Thick-skinned grapes produce fruity, highly ageable red wines
This red wine grape is the most frequently planted variety for premium wines. It prefers more southerly regions and hot, sandy and stony soils. With thick skins and many large seeds, the small dark berries are late to ripen. Warm climates are favourable for the development of tannins, acidity and fruit flavours. As the grapes do not ripen as easily, wines produced in cool regions are not so full-bodied. This variety is therefore not grown as much in cooler climates.
Nevertheless, wherever it grows the Cabernet Sauvignon grape always retains its unmistakable aromas. It develops an extremely concentrated fruitiness redolent of blackcurrant juice. The thick skins of the Cabernet Sauvignon grape variety not only give the wine its deep red colour, they also greatly influence its flavour, imparting a high tannin content but without overshadowing the fruitiness. They give young wines a somewhat rough and heavy edge. This astringency lessens with age as, thanks to their high tannin content, Cabernet Sauvignon wines have an excellent potential for ageing to perfection. As it matures, a Cabernet Sauvignon develops a wide spectrum of additional aromas. Hints of cedarwood, tobacco and chocolate enhance its fruity flavour structure.

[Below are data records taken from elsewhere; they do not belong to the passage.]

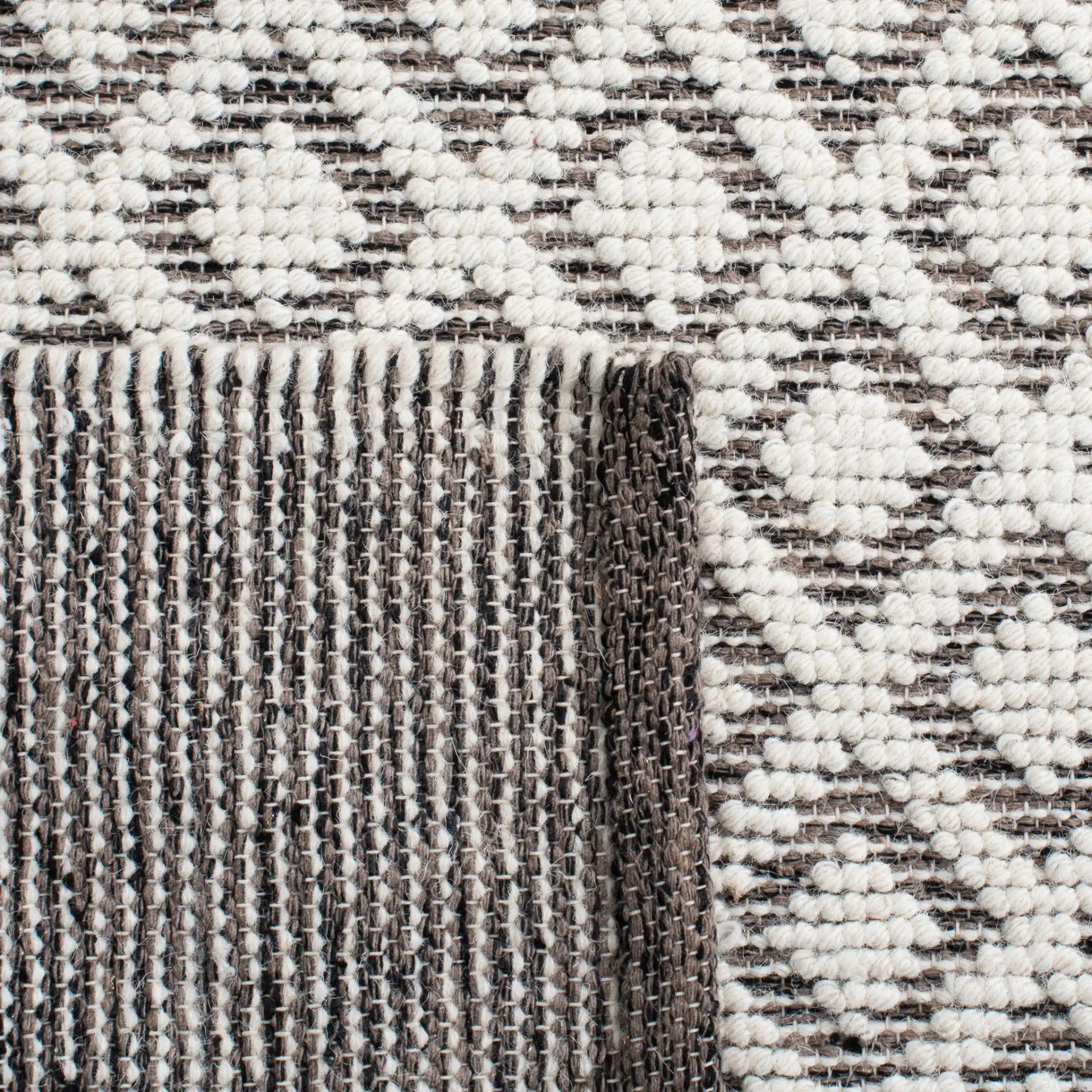 Vermont Diamond Lattice Hand-Woven Wool Rug in Ivory / Brown in a styled room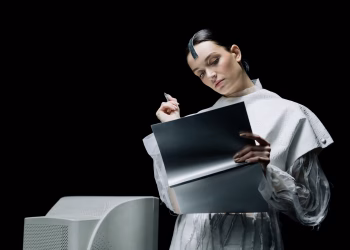 A female scientist with futuristic attire reviews notes in an advanced lab setting.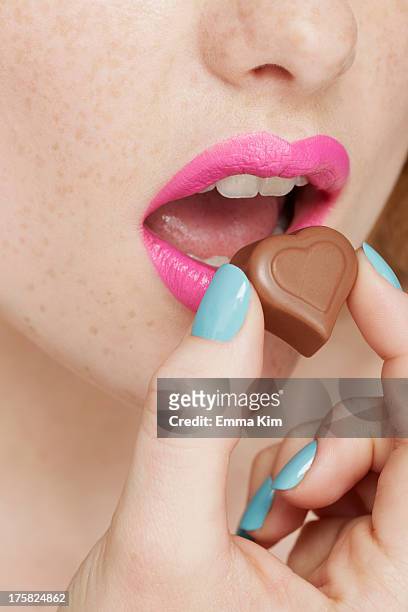 woman wearing pink lipstick eating heart shaped chocolate - lipstick heart stock pictures, royalty-free photos & images
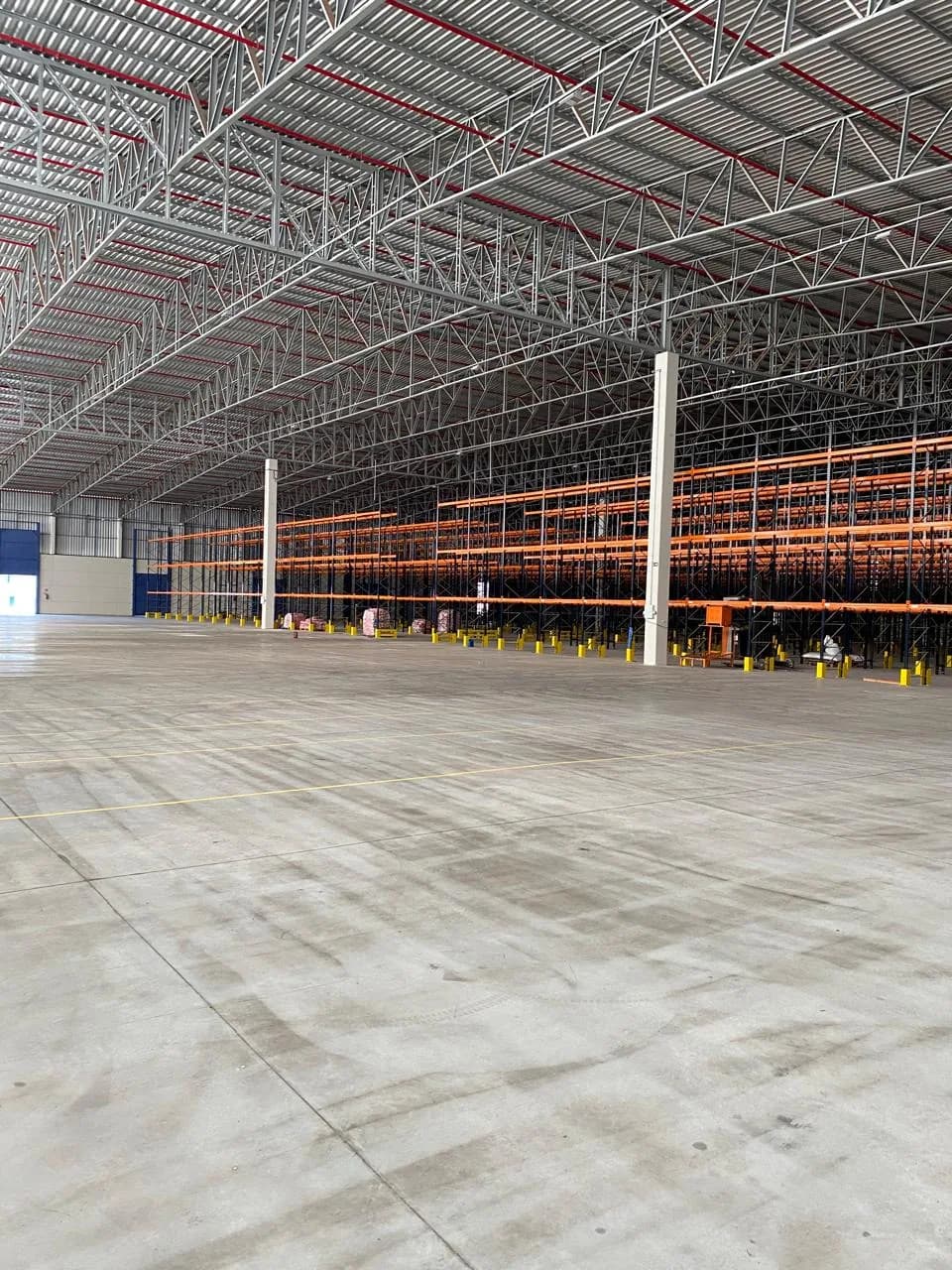 Centro de distribuição implantado, com estruturas porta-pallet novas e área de movimentação livre.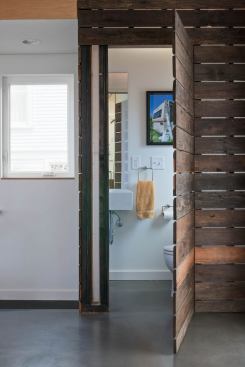 The same re-puprosed car decking used on the exterior also encloses the powder room.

A Cabernet Sauvignon is therefore ideally suited to barrique-ageing. It gains complexity in the barrel and the secondary aromas continue to develop. Exposure to oak aromas makes it more supple. Time spent in barrels also makes the wines more long-lived, in some cases they can continue maturing into excellent fine wines over many decades. Cabernet Sauvignon is great for drinking with lamb and beef dishes, as well as for making the accompanying red wine jus.